Post del 3 aprile 2007, dal sito "Ewenet...":
Queste sono le ultime notizie da Mogadiscio:Purtroppo, le immagini spesso raccontano più di molte parole. Vi invito a guardare queste immagini dei civili feriti a Mogadiscio, ricoverati nell'ospedale di Medina, a sud della capitale. Non per sensazionalismo, ma per capire la sofferenza che alcune persone (donne e uomini come noi, bambine e bambini come i nostri figli) deve subire.Meles Zenawi (primo ministro dell’Etiopia dal 1995) è semplicemente fuori controllo. Ciò che sta lasciando fare alle forze etiopi (guidate dall'EPRDF-) alla gente di Mogadiscio è disgustoso. Meles Zenawi, alla stesa stregua di Bashir in Sudan e di Mugabe nello Zimbabwe, non è altro che un dittatore Africano da 4 soldi - quella dannosa specie di ultra-militanti maschi Alfa che sono la rovina del continente. Fintanto che potrà, Meles porterà avanti la sua guerra in Somalia senza preoccuparsi troppo dei morti e dei feriti tra la popolazione civile, o di quello che accade ai suoi soldati. Quei soggetti deprecabili che hanno organizzato e filmato la mutilazione di alcuni cadaveri di soldati etiopi stanno sprecando il loro tempo, se credono di riuscire a scioccare Meles fino al punto di fargli ritirare le proprie truppe. Non gliene potrebbe importare meno, ne all'uomo, ne al mondo intero.
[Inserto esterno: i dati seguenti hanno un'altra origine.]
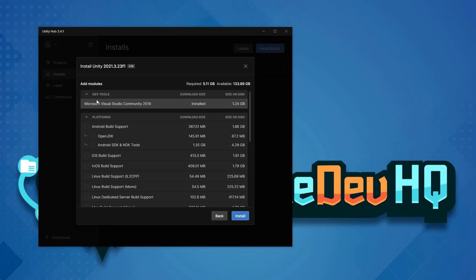The next thing we want to make sure we do is that it's going to include the Microsoft Visual Studio Community 2019, which I already have it installed. So it's not allowing me to select it. But you want to make sure that Microsoft Visual Studio Community 2019 is selected.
Ciò che è veramente disgustoso, è la scarsissima attenzione prestata nelle stanze del potere mondiale e nelle organizzazioni internazionali verso la carneficina a Mogadiscio, nonostante i corpi di donne, bambini e altri civili disarmati si stiano accumulando per le strade della città. Il loro menefreghismo ancora una volta dimostra che l'invasione e l'occupazione di un Paese, l'uccisione e la dispersione dei civili, il bombardamento di centri urbani densamente poopolati per dare la caccia ai "ribelli" sono tattiche non solo accettabili, ma anche ben viste, quando tutto questo è fatto nel nome della Guerra al Terrorismo. Si vorrebbe poter dire che la morte e la distruzione portate in Somali avranno ripercussioni in quest'area. Ma perchè dovrebbe accadere? L'uccisione e la pulizia etnica degli abitanti di Mogadiscio - poveri, analfabeti, Mussulmani e africani - a malapena scalfisce le coscenze delle elite locali, figuriamoci a livello mondiale. I morti, i moribondi, i senza tetto sono semplicemente "effetti collaterali" - due parole che esprimono la depravazione morale del nuovo ordine mondiale.
- più di 1.000 tra morti e feriti e 100.000 profughi (si veda qui e qui);
- coscritti etiopi e soldati "governativi" somali uccisi o mutilati.